Primary diffuse leptomeningeal atypical teratoid/rhabdoid tumours (ATRT) of childhood: a molecularly characterised case report and literature review.

Background: Atypical teratoid/rhabdoid tumours (ATRTs) are malignant central nervous system tumours, typically presenting in the posterior fossa of very young children. Prognosis remains poor despite current therapy, while tumorigenesis implicates both genomic and epigenetic dysregulation. Primary diffuse leptomeningeal (PDL) ATRT, characterised by the absence of an intraparenchymal mass lesion, is seldom reported but appears associated with a dismal outcome.

Case presentation: We describe a 7-year-old male presenting with a PDL MYC-subgroup ATRT. The patient received multimodal upfront therapy, including high-dose craniospinal radiotherapy, embedded within a chemotherapy backbone. An unexpected clinical and radiological improvement was also observed upon cessation of all therapy for presumed disease progression. Although the patient eventually succumbed to the disease at 30 months, he demonstrated the longest survival for any PDL ATRT patient reported (median 8 months).

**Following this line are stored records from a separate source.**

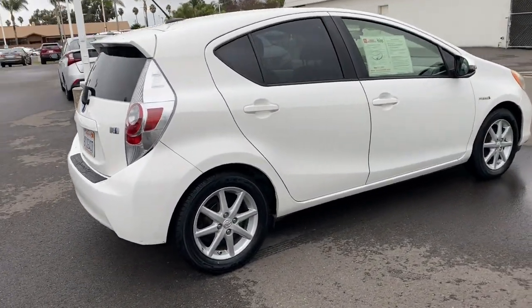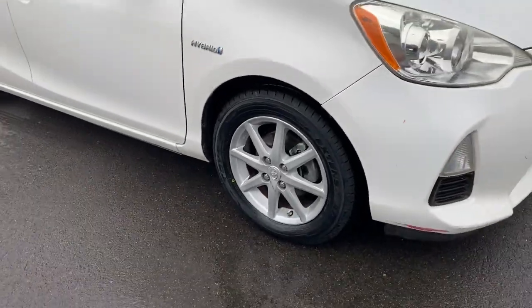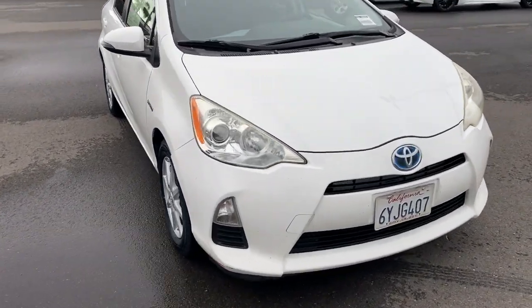Prepare to see your fuel savings grow thanks to this super efficient Prius C hybrid. Our knowledgeable staff will put you behind the wheel and be your go-to pros. All you need to do is drive.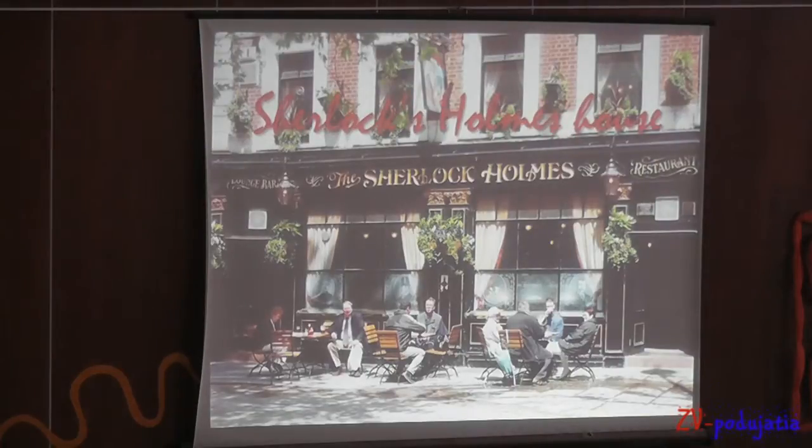We can see Sherlock's house — it isn't a real house but it's made up by Arthur Conan Doyle.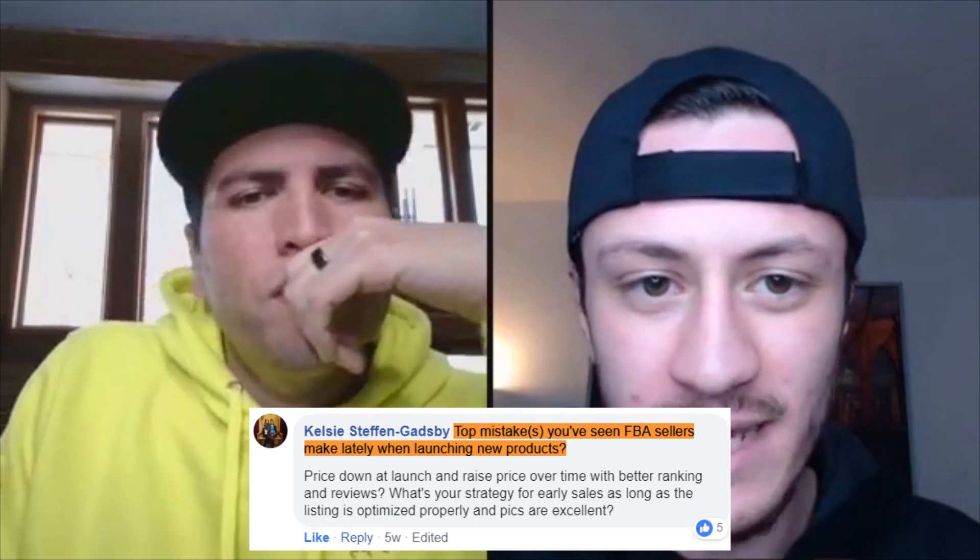Top mistakes you've seen FBA sellers make lately when launching new products: they focus more on Amazon relevancy instead of buyer relevancy, they target the wrong keywords, they don't do enough research, they don't put in the time. They don't follow it up — if they're doing a giveaway or PPC they go really hard for two weeks then put it on autopilot thinking it'll just start selling. No — you're going to drop. You've got to constantly keep tweaking things. If you're doing a giveaway launch, make sure you're running PPC at the same time or right after.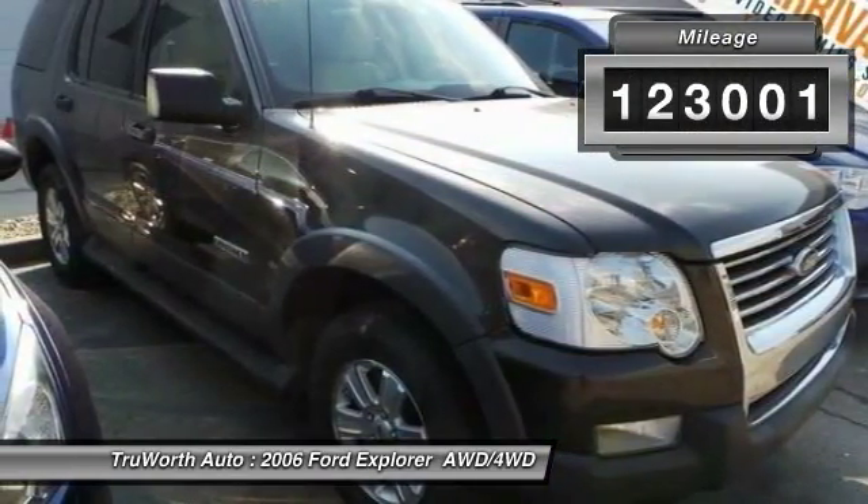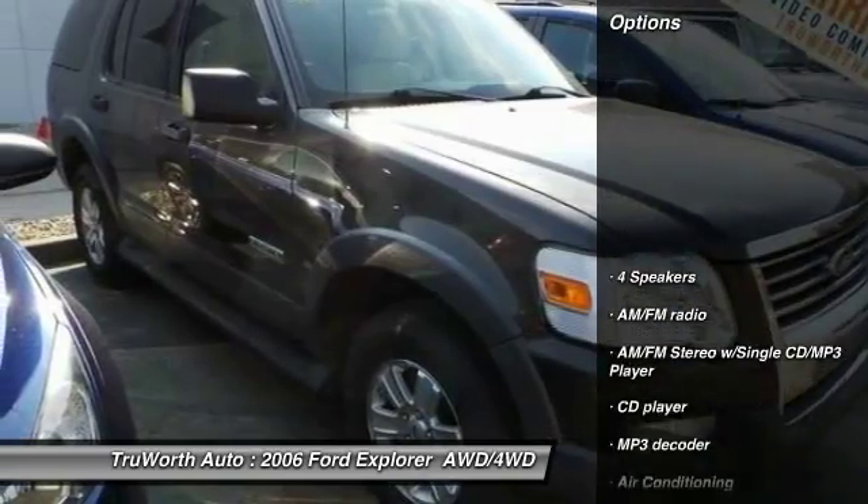This vehicle has less than 125,000 miles. Here are some of this vehicle's great options.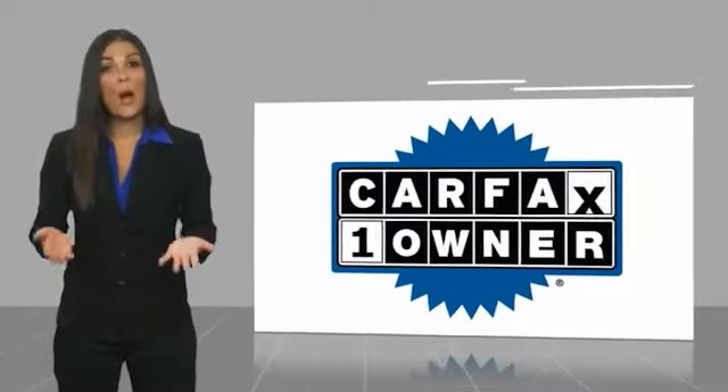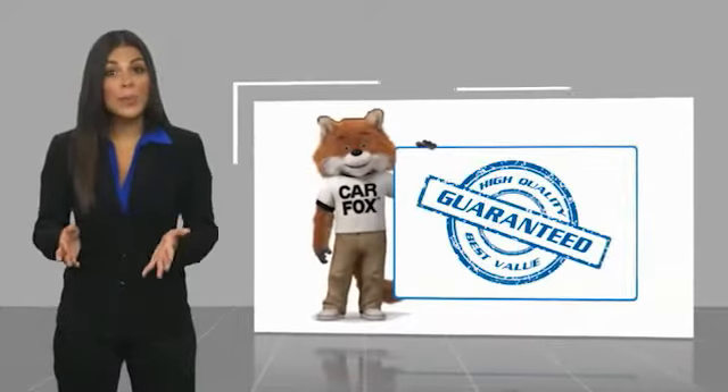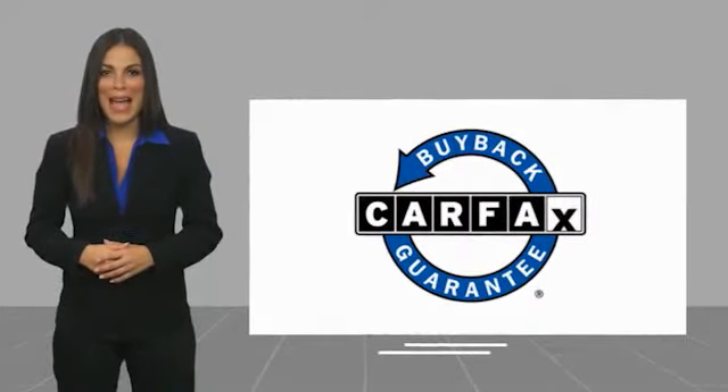This is a one-owner vehicle with a Carfax vehicle history report. Be sure to find a complimentary copy of this report online or contact the dealership. This vehicle qualifies for the Carfax buyback guarantee.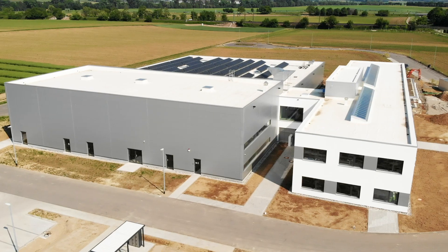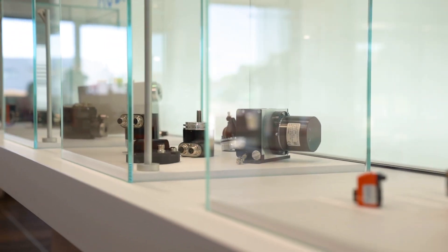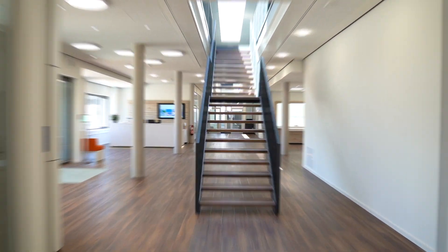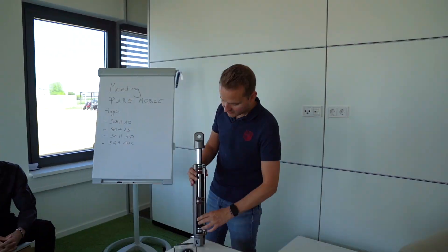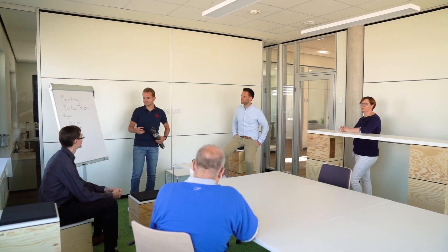Welcome to SIKO in our new plant in Bad Grotzingen. On 5000 m² of space you will find modern workspaces and a production line for electronic sensors based on lean standards.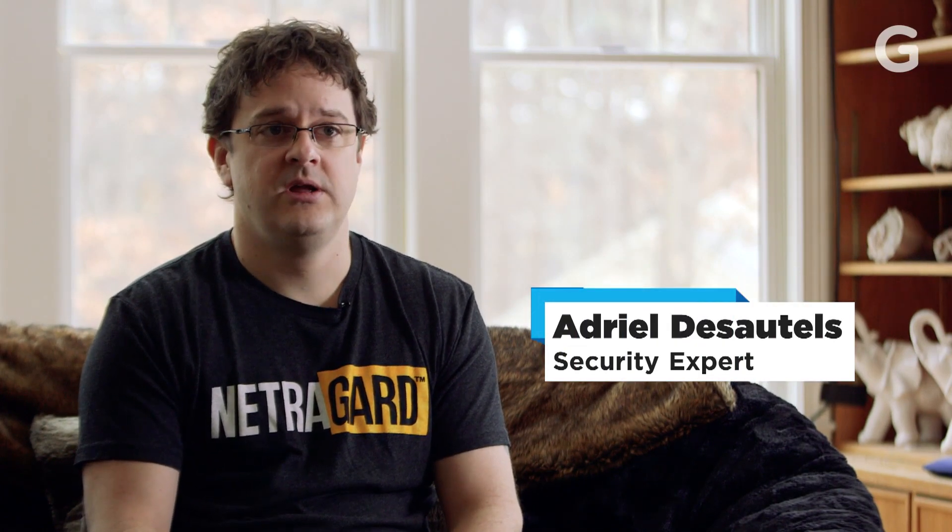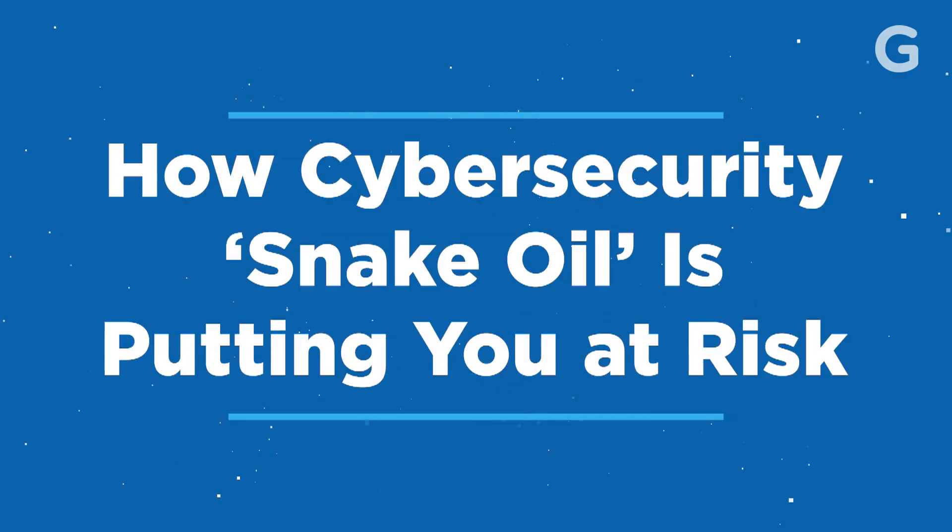The security industry is really helping to perpetuate a false sense of security, which is part of the reason why I believe a lot of people are suffering breaches. When a company uses industry standard or commercial software to test or monitor their security, they are essentially only looking for things that they know exist, and they're not looking for the things that only a genuine hacker could find or know how to find.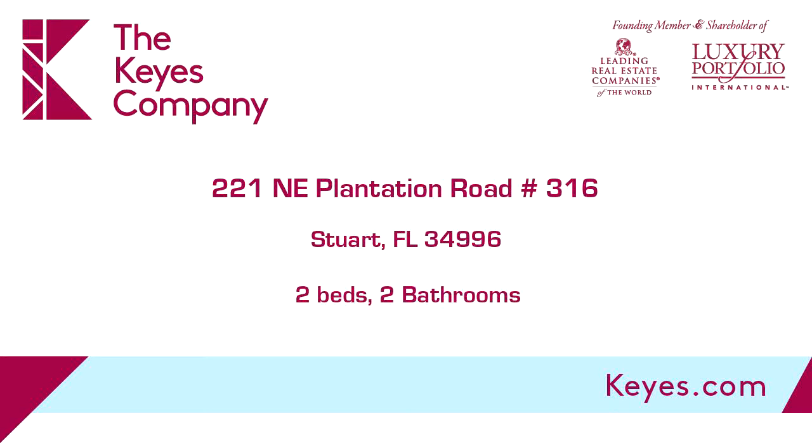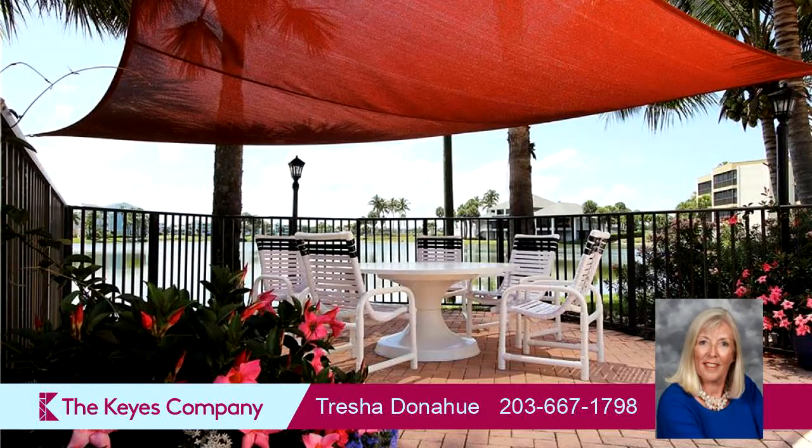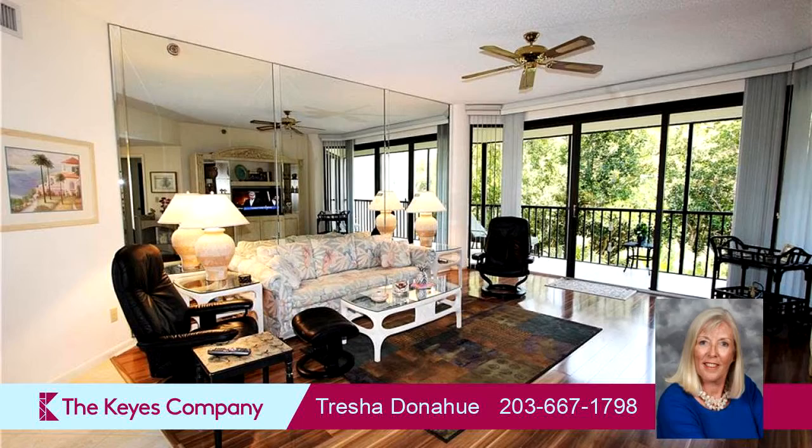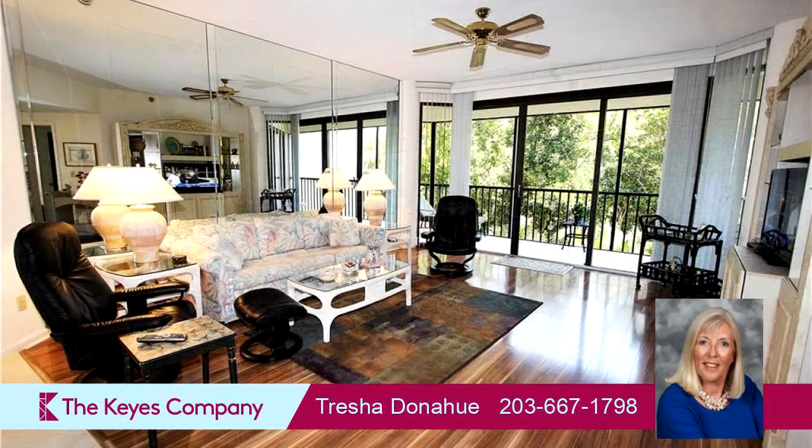This property is a two-bedroom, two full baths home. Interior features of this property include tile flooring and storm shutters. The approximate square footage is 1,213 square feet.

Conclusion: Exhaustive literature review identified seven preceding published cases of PDL ATRT. Ours is the only one to have molecular subgrouping assigned. Perfusion imaging, within a multi-parametric diagnostic package, may be a sensitive marker for malignancy against other aetiologies in challenging presentations. Acknowledging the scarcity of the entity, we cautiously suggest a combination of chemotherapy and upfront high-dose craniospinal radiotherapy, if appropriate, may prolong survival for older children with PDL ATRT compared to exclusive chemotherapy or focal irradiation-based strategies. Our patient's recovery during palliation following a radiological diagnosis of disseminated relapse highlights the importance of confirming disease recurrence by tissue extraction where feasible.